▸ **Information supplied**
┄┄┄┄┄┄
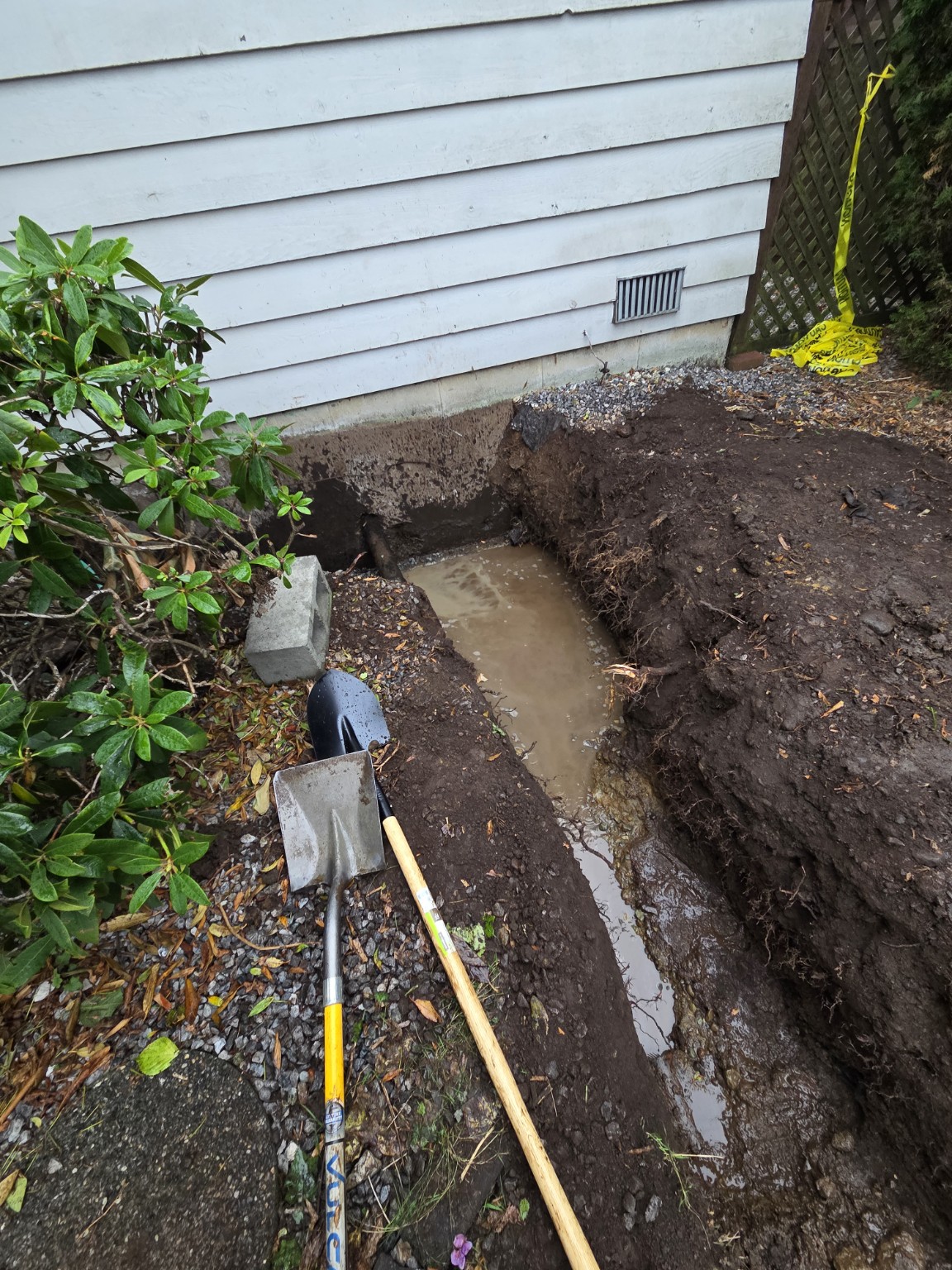 Excavated foundation drainage route with standing water and hand tools
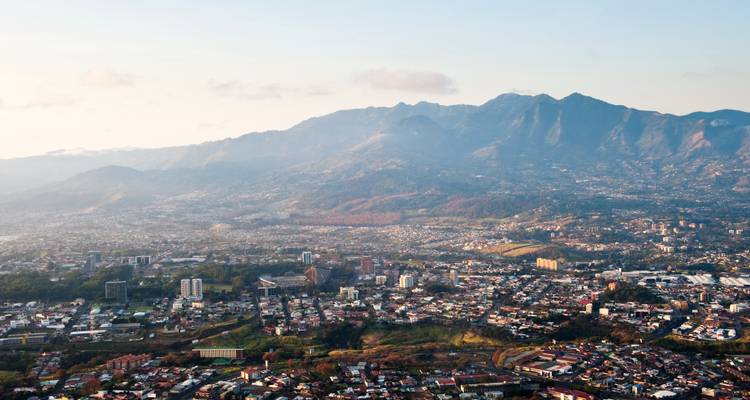 Vista aérea amplia de una ciudad extendida por el piso de un valle bajo montañas escarpadas.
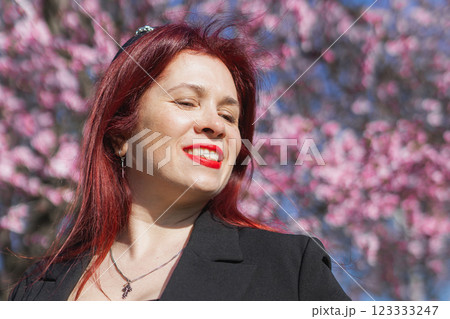 Woman with cherry flowers surrounded by blossoming trees copy space. Beauty and seasonal change and spring bloom season concept. Woman with cherry flowers surrounded by blossoming trees copy space. Beauty and seasonal change and spring bloom season concept. 123333247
┄┄┄┄┄┄
▸ **Required work**
For this answer, retype the lines from the start of the listing through the line that holds "Vista aérea amplia", inclusive, exactly and without pictures.

▸ **Output below**
 Excavated foundation drainage route with standing water and hand tools
 Vista aérea amplia de una ciudad extendida por el piso de un valle bajo montañas escarpadas.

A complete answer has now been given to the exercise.